General Dynamics reported Q3 2024 revenue of $11.671 billion, essentially flat versus the prior year (+0.03% YoY) with net income of $930 million and diluted earnings per share of $3.35. The quarter demonstrates the defensive earnings profile typical of a government-backed defense contractor, supported by steady operating cash flow and disciplined capital allocation. Although top-line growth was minimal, the company delivered meaningful free cash flow and a conservative balance sheet posture that underpins ongoing shareholder returns and optionality for strategic investments.
On profitability, gross margins contracted to 15.56% (vs. prior year), yielding an operating margin of 10.12% and a net margin of 7.97%. YoY declines in gross profit (-5.56% YoY) and operating income (-8.31% YoY) contributed to a softer earnings trajectory, with earnings per share down about 7.9% YoY. Despite margin pressures, the firm generated robust operating cash flow of $1.416 billion and free cash flow of $1.215 billion, supporting a dividend payout of $390 million and a free cash flow per share of $4.43.

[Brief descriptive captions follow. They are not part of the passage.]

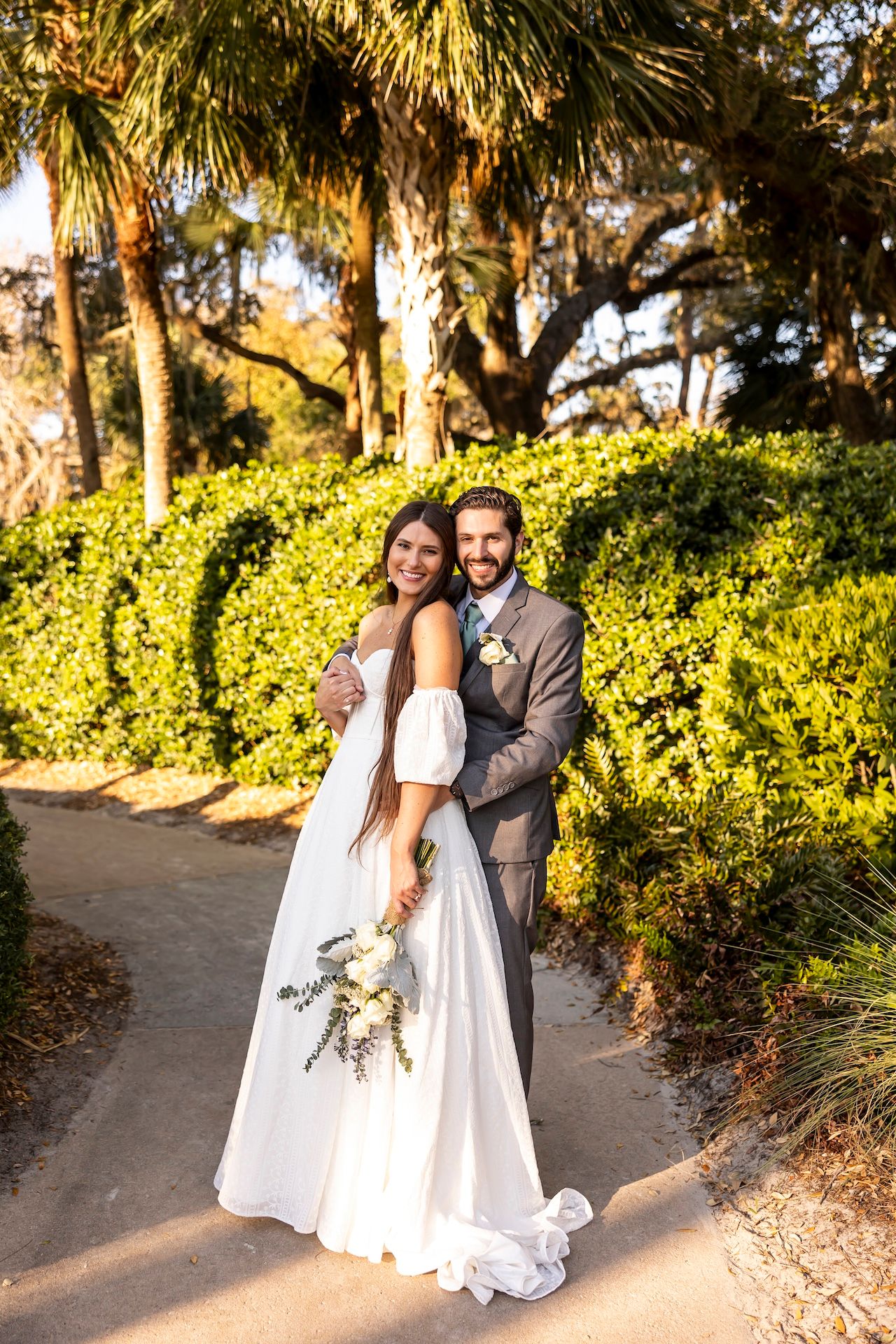 Newlywed couple poses on garden path surrounded by palm trees and lush hedges at sunset.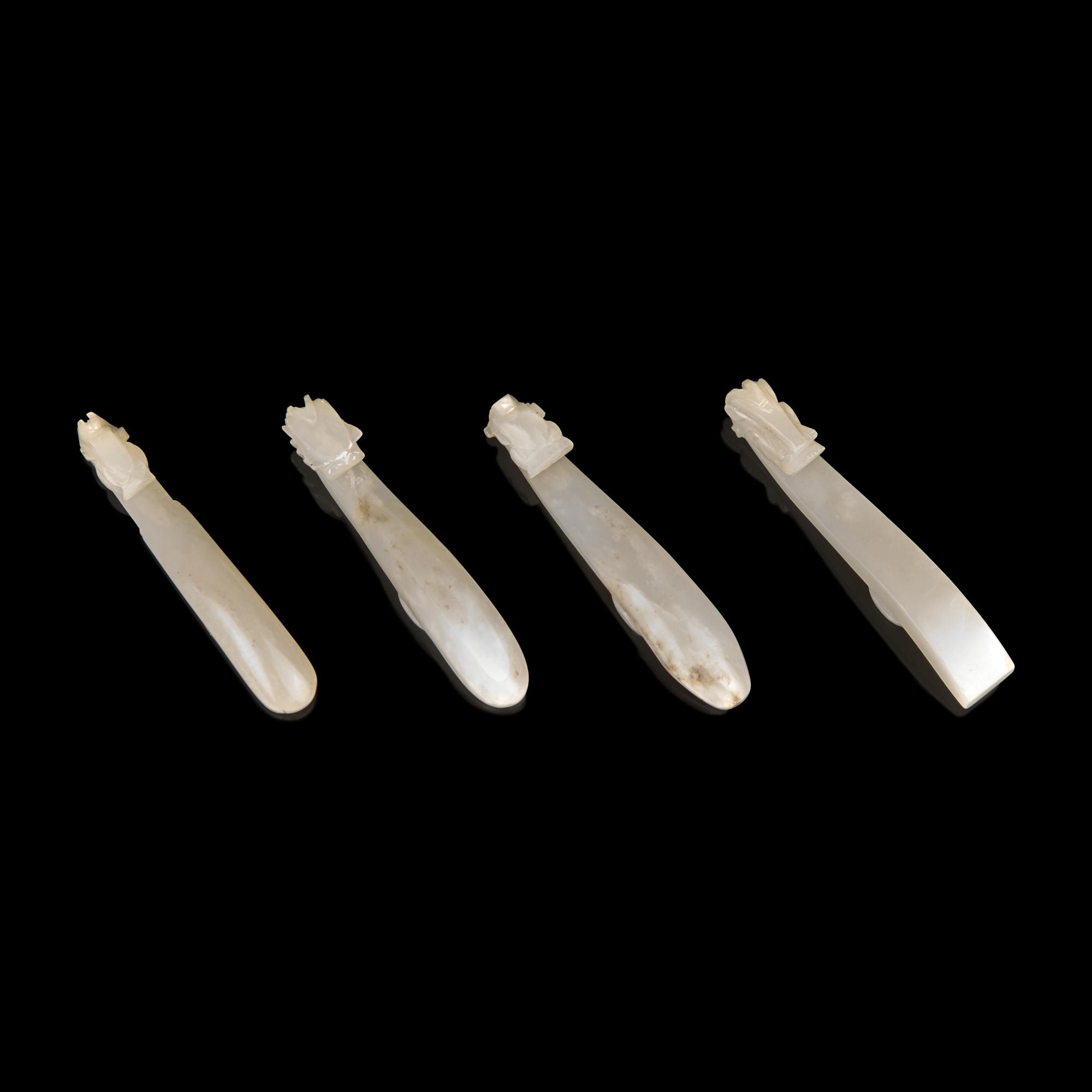 Four Chinese Greyish White Jade "Dragon" Head Belt Hooks, Qing Dynasty — 清 灰白玉龍鉤四件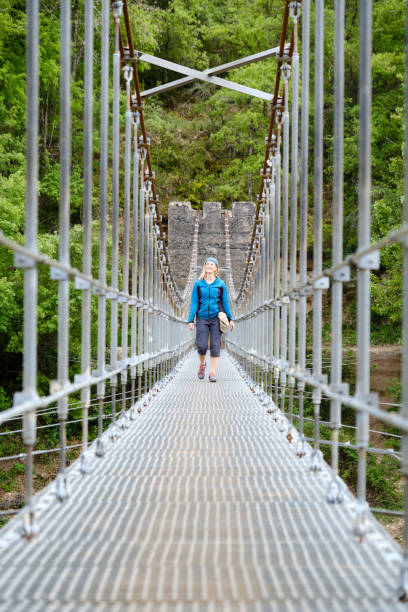 istock Woman walking on a suspension bridge in the mountains 2198568574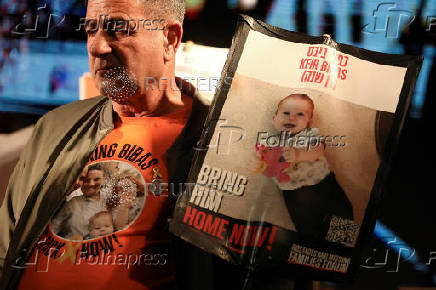 People gather to mark the second birthday of the youngest hostage in Gaza, Kfir Bibas, in Tel Aviv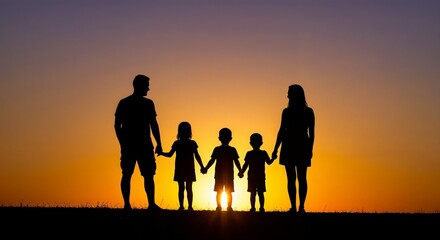 Family holding hands while standing silhouetted against sunset  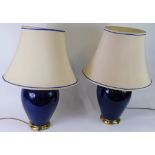 A pair of blue glazed and glass ceramic table lamps with shades, 71cm high.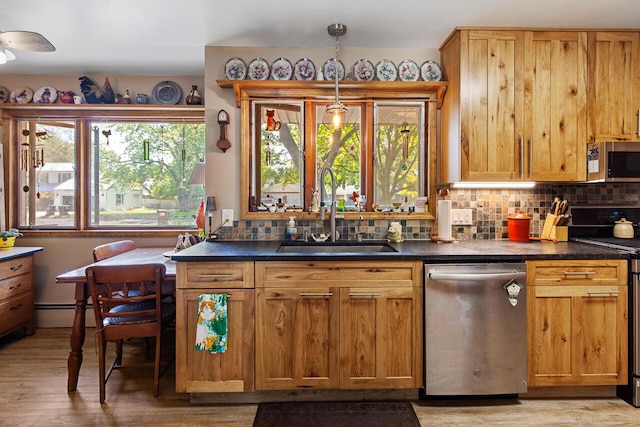 916 Hillcrest Dr, Adrian, MI 49221 - kitchen with appliances with stainless steel finishes, plenty of natural light, backsplash, and dark countertops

Balance sheet strength remains solid: total assets of $57.3 billion and total equity of $22.97 billion, with cash and equivalents at $2.101 billion and a net debt position of about $7.49 billion. Leverage remains moderate (total debt to capitalization ~29.5%) with interest coverage around 14.4x, a positive indicator for stability in a volatile macro environment. Management did not publish formal forward guidance in the provided data, so near-term outlook hinges on defense budget trajectories, program wins, and execution efficiency. Investors should monitor program awards, efficiency improvements, and any updates to backlog visibility as potential catalysts for a healthier margin and cash flow trajectory.